Today was Gentle Yoga with Elizabeth McElveen.

Elizabeth walked into class quietly, and rotated her mat so that it was aligned parallel to ours, instead of the usual orientation of perpendicular at the front of the room. She sat down, facing us, and closed her eyes. And that was the indication that class had started. So we sat. Several minutes passed, and she then asked us to find our way to Downward-Facing Dog. From there, we went to Rag Doll, and rolled up to standing in Mountain Pose, as most classes begin. But it was different today because there was this silence at the start of class, where there are typically many words. The words, instead, came here in Mountain Pose. We stood at "yoga attention" as Elizabeth spoke about "finding our teacher." Troy Lucero is Elizabeth's teacher, and it took her many years to find a person she could call her teacher. And she offered us this: Once you have found your teacher, the one who speaks to you in a unique way that you understand, stick with that teacher. The way to go deeper is to find your teacher and then go deep with them. To go to so many different teachers, we will hear many different instructions, some of which may be conflicting, because each teacher and, moreover, each school of yoga, has its own way of doing the poses. It's not that one is right and one is wrong (though there are cases of this), but more importantly, it is hard to move forward if we are moving in many different directions.

It's interesting. That doesn't entirely resonate for me, though I do understand it. I have found, as I said before, that the inner voices that guide me end up being a collage of the "greatest hits" of many of my most treasured teachers. I do not disagree that going most deeply into the purity of a practice might involve a single guru, and a consistent trajectory. But right now, one of the joys of practice for me is having the opportunity to hear these different voices. Maybe it's the difference between being 1-2 years into my practice, versus being 10 years in?

Today, we spent time focusing on the subtleties of the "simplest" poses and sequences. Keeping the legs very straight during the entire Sun A sequence. The change to bending the knees deeply and arching the back in the Sun B series. Back to the straight legs again for Triangle and Half Moon. And then a series of very deep stretches on the floor. The practice, though gentle from the standpoint of heat and speed, is very deep and very intense.

At the end of class, we again broke the standard protocol. Elizabeth had all of us move to a wall, and position ourselves with legs up the wall. We spent a fairly lengthy time resting in the pose. Then we turned around so we were sitting with our backs against the wall, and she offered the closing remarks of class. That had been our Savasana. It was not called out as such, but it was fairly evident that is what it was. It was a very intriguing class today of slight off-centeredness.

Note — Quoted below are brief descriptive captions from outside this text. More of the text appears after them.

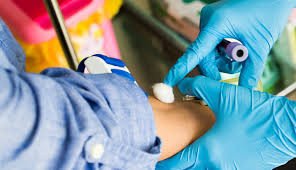 High-Purity Chloride for Serum Testing – Ion-Selective Electrodes Method, 1-Day TAT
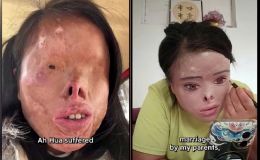 Bị chồng cũ tạt axit mù mắt: Người phụ nữ gây sốc khi tự ‘vẽ’ lại dung nhan để đổi đời
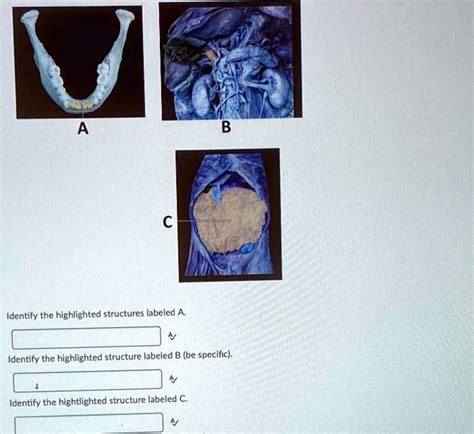 Identify the 5 Highlighted Structures in These Images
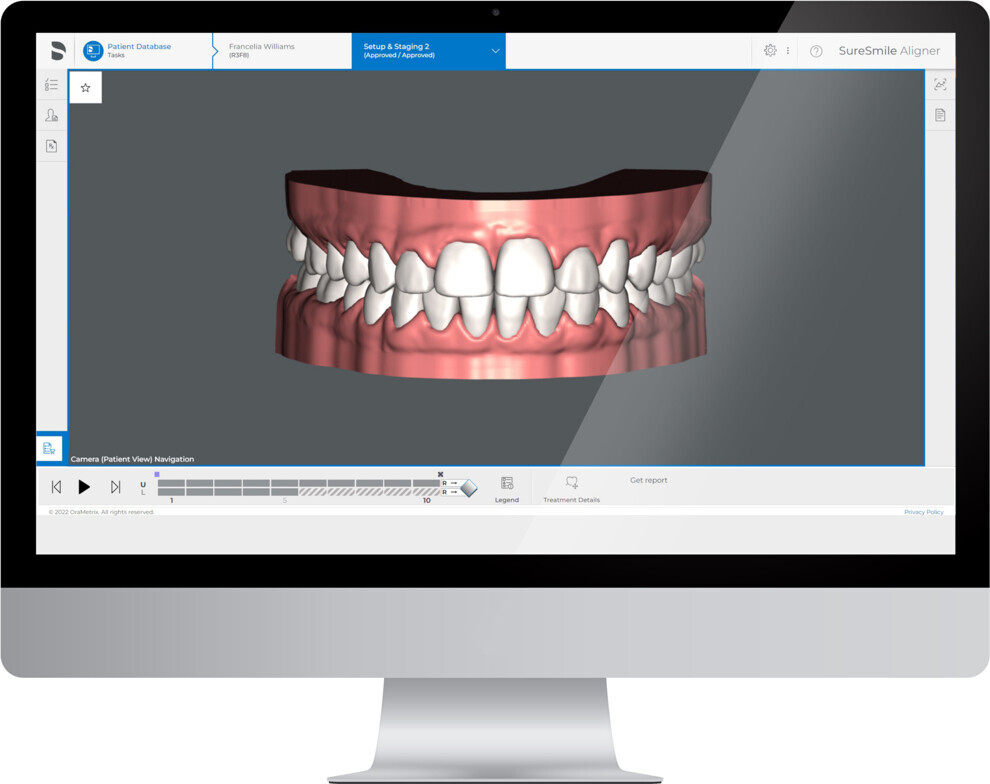 Fig. 4: Effective and predictable SureSmile treatment plans start with a high-quality digital impression.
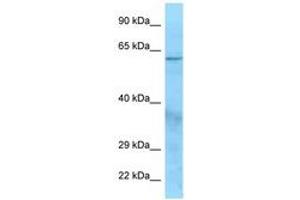 Image no. 1 for anti-Complement Factor I (CFI) (AA 145-194) antibody (ABIN6748298) (Complement Factor I antibody  (AA 145-194))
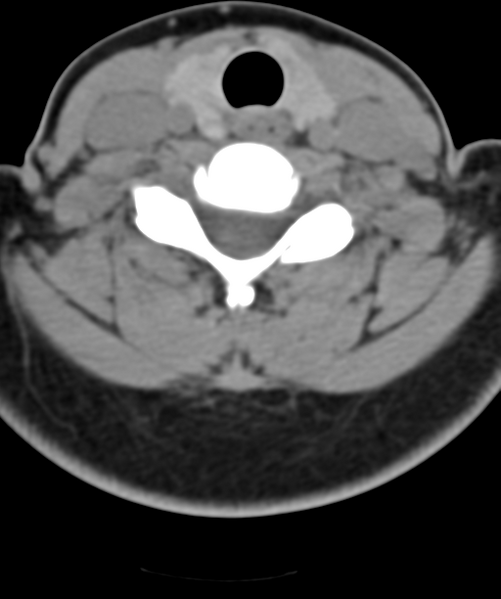 File:Normal cervical spine MRI (including Dixon) (Radiopaedia 42762-45926 Axial non-contrast 41).png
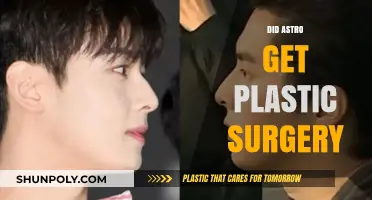 Astro's Transformation: Unveiling the Truth About Plastic Surgery Rumors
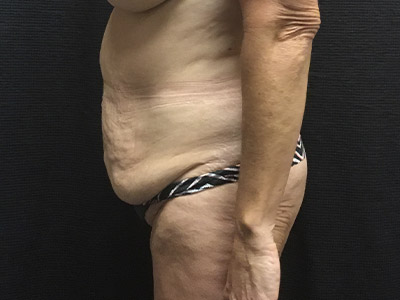 Patient #99899: Tummy Tuck Before Image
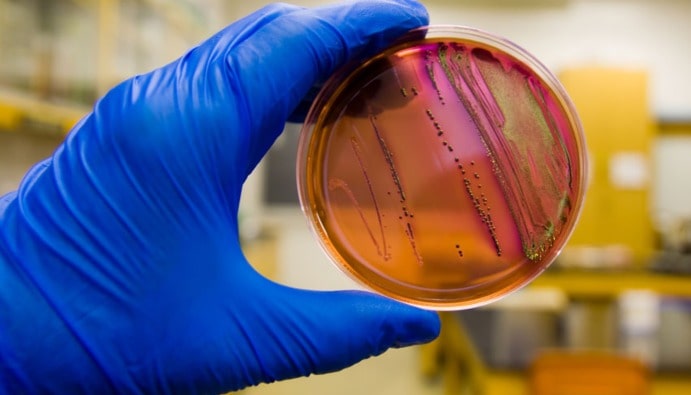 ISO 16654 - Escherichia coli O157 Aranması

Interesting to me (coming back to the teacher topic again) is the fact that I wouldn't want to give up the variety of the different teachers, even at the expense of going deeper. I have seen this pattern play itself out in so many different venues in my life. Regarding career, relationships, hobbies. I am always wanting to broaden my experiences. I am rarely wanting to lock in, narrowing the possibilities. I don't know what to do with that. Is it an area of opportunity for me to potentially recognize that as a flaw that limits me? Or is it a characteristic of "Who I Am" that is not to be discarded, but understood and embraced?

Presumably, all things shall become clear in due time.